So I didn’t; I ran. I grabbed a ruler and–representing the dreaded Nazgul of Lord of the Rings fame–I turned tail and moved my miniatures in the gaming tournament a full 36” away from a tiny pewter figure. It was to be my undoing.

Yes, in 1978 I played the Ringwraiths (or Nazgul) in the tournament, the Lords of Chaos, and I wore my badge, infamous across all seven of my gamer friends: a perfect match. But my image of myself could not match the reality of who I was. 

It’s hard now to remember the details of this 1978 Gandalf. He was a loud, unshowered nightmare, and I remember how offended I was. I mean, yes, he was gross, likely wilting even the miniature forest of Mirkwood with his armpits and neck hair. And had that small stain that now dripped from the Iron Hills fallen from his chili dog or from his nose? But this was not the offense: “Gandalf” wasn’t Gandalf. That was it. The Gandalf I knew–whether grey or white or psychedelic blue–was humble, slow to anger, kind, generous. He was “Servant of the Secret Fire,” the representation of all goodness. This dude was a cross between the Blob and Andy Dick.

Detroit’s Cobo Hall of 1978 was somewhat messier.

Gandalf of Many Guises

I was a gamer because I was into role-play, the idea that the fun came in representing something different, in creating a role and living it. I could be a Starship Trooper or an 800-year-old gnome, a 1920s detective or a survivor of the zombie apocalypse. And in each case, I would use my imagination to represent them. Sure, my own personality would find its way in, customize the character, but role play meant role play. And Gandalf meant Gandalf. Why didn’t the Sasquatch understand that? 

I had met him before, of course. This Gandalf mimicked any one of a dozen bullies who had moved through my childhood: terrible people like David Wangerman who threw rocks at me in elementary school, Barbara Millson who pushed me into a water-filled ditch, Sheila Harrod who called me Froggie because of my glasses, Bobby Thomas who hit me in the chest with a baseball line drive, or Mike Kyo who just wanted to kick my ass between long tokes on his joint. I knew this Gandalf. He would be the same personality if he was one of the Maiar, an axe-wielding dwarf, a belching orc, or a lost princess. He was too dull, too dim-witted, to have the imagination required of role-play.

“Run awayyyyyyy!” he crowed from across those tables. “If you kill me now, I’ll just come back as Gandalf the White and be even stronger!” According to the rules, this was true. Gandalf the Grey was strong, but I could defeat him. I could not defeat a resurrected Gandalf the White. What options did I have? “You little chicken shit! Chicken shit Ringwraiths! Run awayyyyyy!” The words echoed across Cobo Hall, it seemed, and the entire gaming convention looked at me, the self-labeled “Lord of Chaos.”

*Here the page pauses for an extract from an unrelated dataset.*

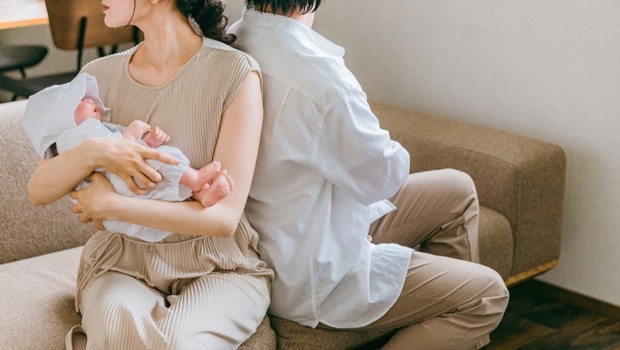 不是不想顧小孩，是還沒準備好當爸爸！新手爸常見4大心理陷阱：最常見是「受害者心態」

The role-play game of fiction that we played here was more like a reflection in Galadriel’s mirror of who we really were. 

Rep Meets Reality

I did run, just as I had run from any bully who later caught up with me. I wasn’t Lord of anything. I wasn’t even role-playing. 

I can’t pretend it was different: wearing my badge, especially among my own gamer friends, I wasn’t just pretending to be chaotic, I imagined myself to be that. My reputation, my identity, was a bit of surface obedience, but underlying anarchy. I wanted the good guys to win in the books, but was always compelled by the motivations of evil. In gaming with my friends, I was the one who bent a rule, circumvented, found the genius way out, even if it wasn’t quite ethical. My friends both admired and distrusted me, a worthy pair of traits, in my opinion. 

But not anymore. The Steve who imagined himself the greatest of villains quickly became again the middle school coward, the skinny kid who gets run over. 

I could not be the thing I imagined for myself, and Sasquatch did not try to be. The role-play game of fiction that we played here was more like a reflection in Galadriel’s mirror of who we really were. 

Over 40 years later and I still hang on to the title, though.

Re-Painting Bin Ladin

There is a gap, I think, between our imagination of ourselves and the reality of it. Who I think I am and who I am are never quite in sync. Once, when I was in second grade, I said that I was just like George the Janitor, a happy bald-faced guy with only a few teeth who simply spent his days vacuuming our classrooms after school. He didn’t seem to care about much at all about what was difficult: he just smiled and waved at all of us, laughing and enjoying himself. So okay, perhaps I was confused about the difference between who I was and what I wanted to be, between imitation and appreciation. But once I recognized that George understood something I did not, even though I later built my reputation on getting good grades and knowing stuff, I found myself interested in Buddhism. Was George Buddhist? No, but he had a Buddha nature, and I admire that.

Do we build ourselves from our memories of villains and heroes? It seems likely. But this seems to me more complicated than merely hero worship. Because we can never actually “be” the mythology of a hero (or villain), our efforts as mere human must always fall short. I can’t be the hero that is my dad because my dad isn’t actually a hero. And does that mean I can’t avoid the villainies of an Osama bin Laden because he wasn’t really the mythic villain we imagined but more just a guy who made awful choices? (Bin Laden came from a family that sold VWs and Snapple, studied economics at Oxford, and loved writing poetry and playing association football (History)). This doesn’t mean that I don’t have qualities of my dad or that I am really similar to the al-Qaeda terrorist, but that I simply cannot be the mythologies we create into heroes and villains. And it’s unrealistic for me to want to. George was George, neither hero nor villain. Me, too. Sasquatch, too.

When we try to paint ourselves as something else, as Lords of Chaos, as uber-Naruto stans, as Drake wannabes (please please not that), as Disney princesses, as wizards of Ravenclaw, we can too easily blur the lines between role-play and delusional self-identity. I wanted to be Lord of Chaos, but it took a heaving mound of Mountain Dew-chugging bluster to show me that I was something quite different. Nobody likes the mirror, really, but that doesn’t mean that it doesn’t fascinate us.

…and we’ll take your money while you’re figuring it all out.

What a Wraith Is

Galadriel’s mirror in Middle Earth shows futures, what may be and what may never be. And Tolkien tells us that our behaviors shift and shape those futures, avoiding one path while launching another. So perhaps there is also a difference between how I imagine myself and how I imagine who I will be. Sasquatch spotted who I was–a Lord of Chickenshit Nazgul–but he had no control over who I might become. He only shook me out of the delusion of heroism and villainy, just as we all may need to be shaken.  

The role play we engage in, when only for entertainment, is harmless enough. It’s when we substitute our real self for the imaginary hero or villain that it becomes unhealthy delusion. Neither hero nor villain, I become only the person I behave as; let others paint me as they choose. If I accepted the Sasquatch’s version of myself, I might never have freed myself from such bullying. If he accepts my rendition of him, he dooms himself to dullness (and redolence). 

Tolkien calls the Nazgul the shadows of men, less human than the suggestion or image of humanity. So too might all delusions of ourselves be. Images of goodness, images of evil, but nothing beneath.